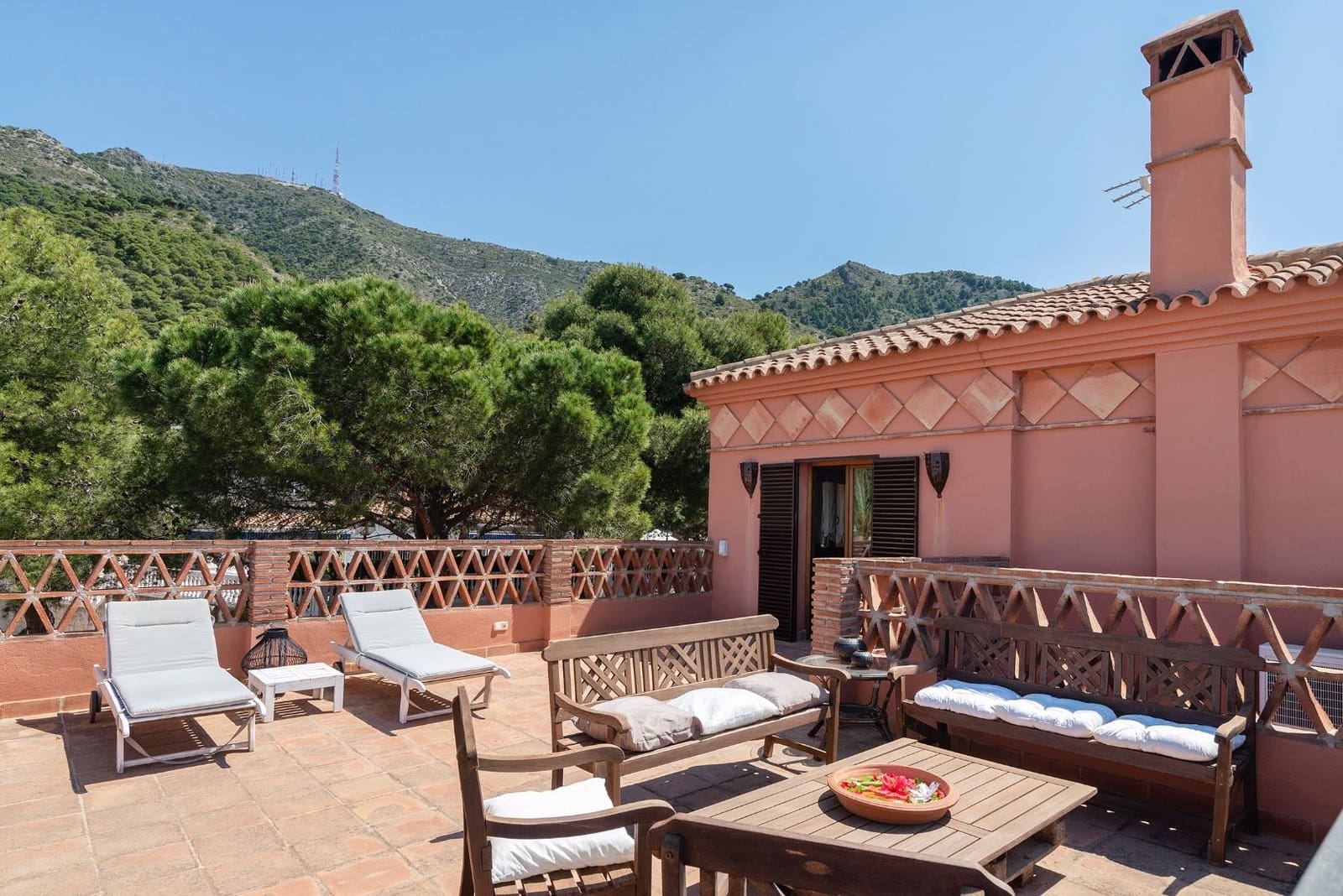4 bedroom Villa for sale in Mijas Costa with pool - € 2,900,000 (Ref: 7578152)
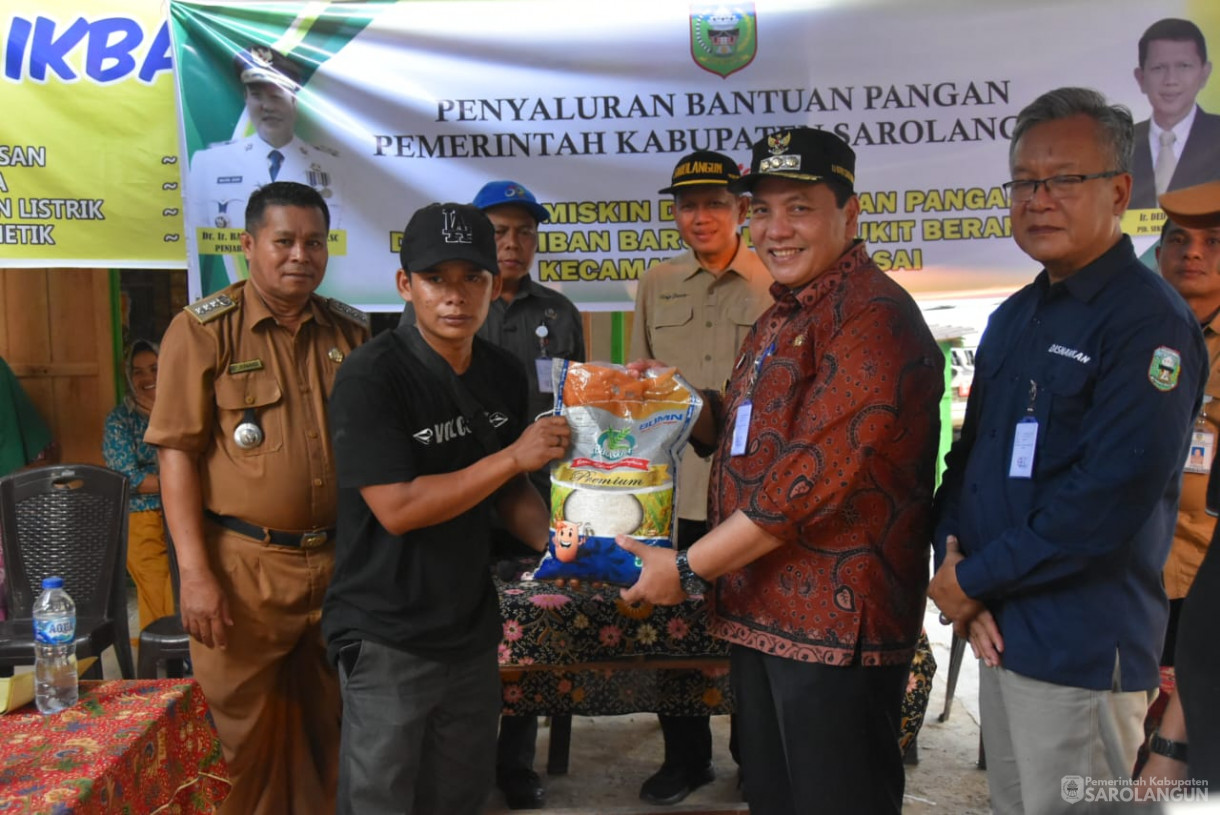 5 Oktober 2023 - Penjabat Bupati Sarolangun Melakukan Penyerahan Bantuan Pangan Berupa Beras Untuk 50 KK di Desa Paniban Baru dan Desa Bukit Berantai Kecamatan Batang Asai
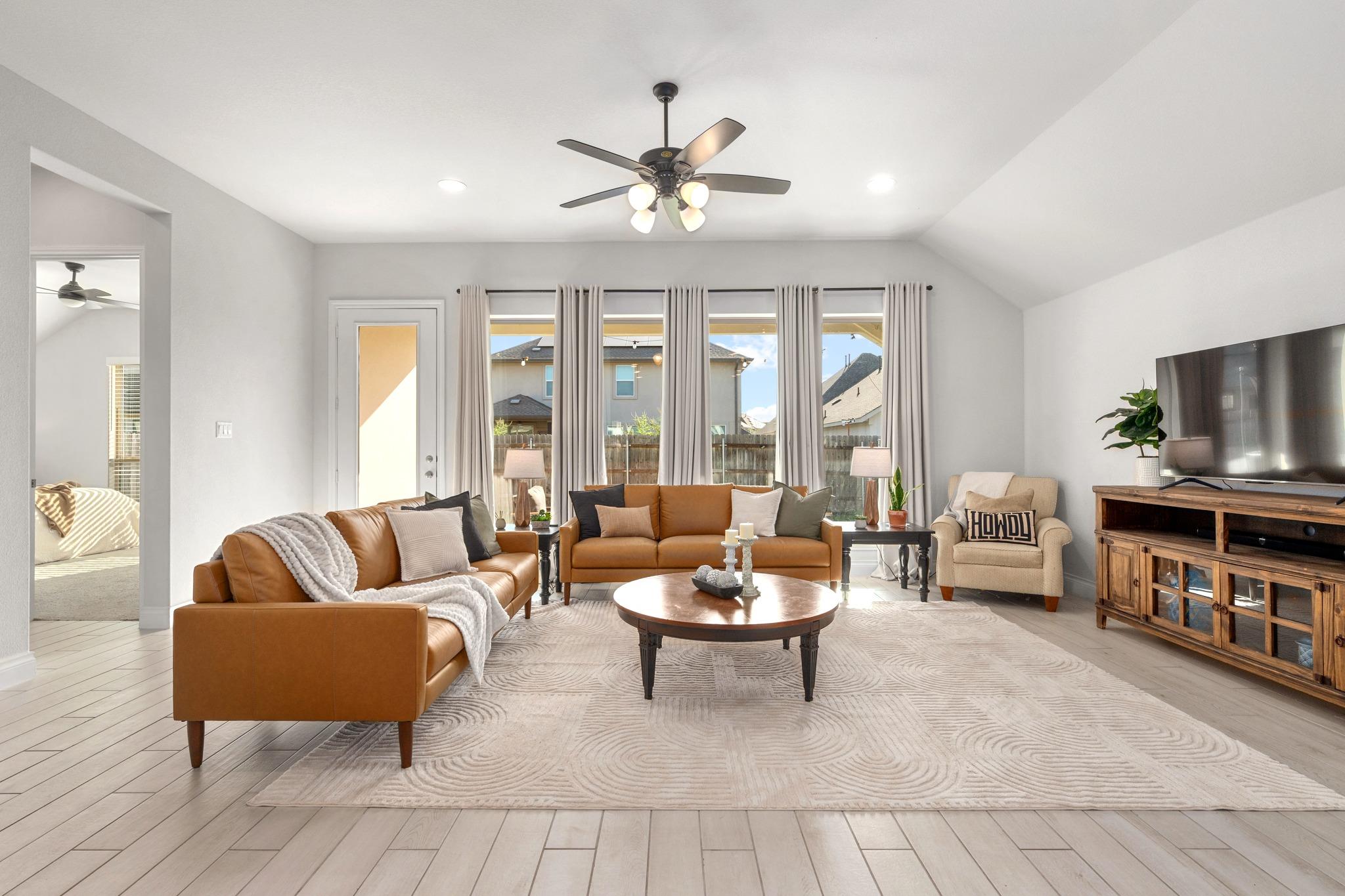 512 Monrovia Ct Property Photo 1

______________________________

# What the task requires
Exact repetition of the data is needed, with no images retained.

# Task answer
4 bedroom Villa for sale in Mijas Costa with pool - € 2,900,000 (Ref: 7578152)
 5 Oktober 2023 - Penjabat Bupati Sarolangun Melakukan Penyerahan Bantuan Pangan Berupa Beras Untuk 50 KK di Desa Paniban Baru dan Desa Bukit Berantai Kecamatan Batang Asai
 512 Monrovia Ct Property Photo 1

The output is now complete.